Eventuell sollte man den Scheis einfach mal selber testen!! und nicht irgendwelche Screenshots von vor 4monaten vergleichen und zusammen mit einem "hinlängst" veraltetem Fazit zum aktuellen Status qou erklären. Dann würdest du nicht wie ein manipulativer Zwerg wirken und ich wäre nicht als Lügner hingestellt!


----------



## Pumpi (10. April 2012)

> 8800gt@700/1750/1000


 
Damit ist 8xMSAA auch deine Hauptdomäne ?

In 360p vielleicht


----------



## KrHome (10. April 2012)

espanol schrieb:


> Eventuell sollte man den Scheis einfach mal selber testen!! und nicht irgendwelche Screenshots von vor 4monaten vergleichen und zusammen mit einem "hinlängst" veraltetem Fazit zum aktuellen Status qou erklären. Dann würdest du nicht wie ein manipulativer Zwerg wirken und ich wäre nicht als Lügner hingestellt!


 Ich spiele meine Spiele seit über einem Jahr mit FXAA. Damals noch mit dem Injector, seit dem Geforce 290.xx direkt über den Treiber. MLAA kenne ich seit dem Catalyst 10.10. Was kannst du so an Erfahrung mit Shader AA vorweisen? 

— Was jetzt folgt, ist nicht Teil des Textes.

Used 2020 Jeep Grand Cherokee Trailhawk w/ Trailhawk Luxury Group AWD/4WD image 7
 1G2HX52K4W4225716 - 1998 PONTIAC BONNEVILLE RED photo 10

Wer ernsthaft behauptet FXAA könne mit 8xMSAA konkurrieren, der braucht im Prinzip garkein MSAA oder gar Supersampling, da er einen Großteil des Nutzens dieser Modi auf dem Bildschirm nichtmal erkennt. Ich stelle dich somit nicht als Lügner hin, sondern als jemanden, der einfach keine Ahnung von der Materie hat (nix für ungut ).


----------



## veteran (10. April 2012)

Also bei mir läuft der Treiber nicht korrekt! Der leistungsindex sinkt in den Keller vorher 7,9 jetzt 6,4 und 3DMark11 schleppt sich bei performance Modus mit 4-5fps durch den Benchmark. Habe erstmal den 296.10 wieder installiert, hat da einer vielleicht einen Idee?


----------



## -Cryptic- (11. April 2012)

veteran schrieb:


> Also bei mir läuft der Treiber nicht korrekt! Der leistungsindex sinkt in den Keller vorher 7,9 jetzt 6,4 und 3DMark11 schleppt sich bei performance Modus mit 4-5fps durch den Benchmark.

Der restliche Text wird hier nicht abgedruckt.